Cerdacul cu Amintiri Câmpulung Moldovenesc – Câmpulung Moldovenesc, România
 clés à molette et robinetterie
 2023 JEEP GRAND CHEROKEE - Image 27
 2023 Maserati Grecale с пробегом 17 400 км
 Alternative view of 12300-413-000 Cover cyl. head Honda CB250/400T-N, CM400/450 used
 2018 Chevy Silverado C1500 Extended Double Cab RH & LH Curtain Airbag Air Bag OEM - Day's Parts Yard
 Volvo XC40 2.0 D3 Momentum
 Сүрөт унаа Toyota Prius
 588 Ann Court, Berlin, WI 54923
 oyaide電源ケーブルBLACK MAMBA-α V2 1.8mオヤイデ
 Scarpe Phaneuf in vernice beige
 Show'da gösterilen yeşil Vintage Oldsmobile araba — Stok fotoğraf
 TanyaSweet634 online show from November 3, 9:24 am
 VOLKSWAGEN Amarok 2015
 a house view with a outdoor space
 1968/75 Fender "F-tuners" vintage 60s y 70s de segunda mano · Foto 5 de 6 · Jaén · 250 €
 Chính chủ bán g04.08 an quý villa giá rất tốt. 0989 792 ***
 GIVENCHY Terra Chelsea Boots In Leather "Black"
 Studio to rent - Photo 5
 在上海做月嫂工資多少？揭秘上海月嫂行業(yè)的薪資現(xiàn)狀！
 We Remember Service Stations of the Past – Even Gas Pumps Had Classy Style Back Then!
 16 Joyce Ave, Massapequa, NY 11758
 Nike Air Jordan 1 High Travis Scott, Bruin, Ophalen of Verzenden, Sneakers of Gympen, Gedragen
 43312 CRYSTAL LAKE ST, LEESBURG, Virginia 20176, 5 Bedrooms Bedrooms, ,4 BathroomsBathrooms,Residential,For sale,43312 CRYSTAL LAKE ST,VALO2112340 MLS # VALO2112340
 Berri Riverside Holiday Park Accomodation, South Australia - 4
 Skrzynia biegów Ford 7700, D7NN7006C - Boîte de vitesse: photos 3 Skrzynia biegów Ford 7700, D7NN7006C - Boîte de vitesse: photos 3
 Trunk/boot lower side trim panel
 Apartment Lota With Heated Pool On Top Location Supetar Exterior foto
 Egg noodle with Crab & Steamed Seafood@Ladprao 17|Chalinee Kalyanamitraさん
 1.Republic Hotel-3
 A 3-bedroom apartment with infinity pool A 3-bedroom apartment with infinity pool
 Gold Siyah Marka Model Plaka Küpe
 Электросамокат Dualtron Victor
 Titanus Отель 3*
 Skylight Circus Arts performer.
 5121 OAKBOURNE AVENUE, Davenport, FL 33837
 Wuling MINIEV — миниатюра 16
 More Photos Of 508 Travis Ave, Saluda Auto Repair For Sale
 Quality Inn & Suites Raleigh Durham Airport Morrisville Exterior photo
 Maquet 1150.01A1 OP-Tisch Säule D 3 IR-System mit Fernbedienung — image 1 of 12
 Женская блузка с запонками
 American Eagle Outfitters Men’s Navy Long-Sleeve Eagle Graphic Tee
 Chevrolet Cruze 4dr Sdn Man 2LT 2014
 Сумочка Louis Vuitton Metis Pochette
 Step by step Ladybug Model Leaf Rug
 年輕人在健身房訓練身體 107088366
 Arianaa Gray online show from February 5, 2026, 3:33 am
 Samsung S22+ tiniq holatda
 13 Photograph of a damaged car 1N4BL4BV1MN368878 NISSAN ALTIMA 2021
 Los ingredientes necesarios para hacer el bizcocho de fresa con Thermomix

▶ What you should do
Repeat only what runs from the line holding "Сумочка Louis Vuitton Metis Pochette" to the end of the data, keeping every line exactly as written, first and last included.

▶ Your response
 Сумочка Louis Vuitton Metis Pochette
 Step by step Ladybug Model Leaf Rug
 年輕人在健身房訓練身體 107088366
 Arianaa Gray online show from February 5, 2026, 3:33 am
 Samsung S22+ tiniq holatda
 13 Photograph of a damaged car 1N4BL4BV1MN368878 NISSAN ALTIMA 2021
 Los ingredientes necesarios para hacer el bizcocho de fresa con Thermomix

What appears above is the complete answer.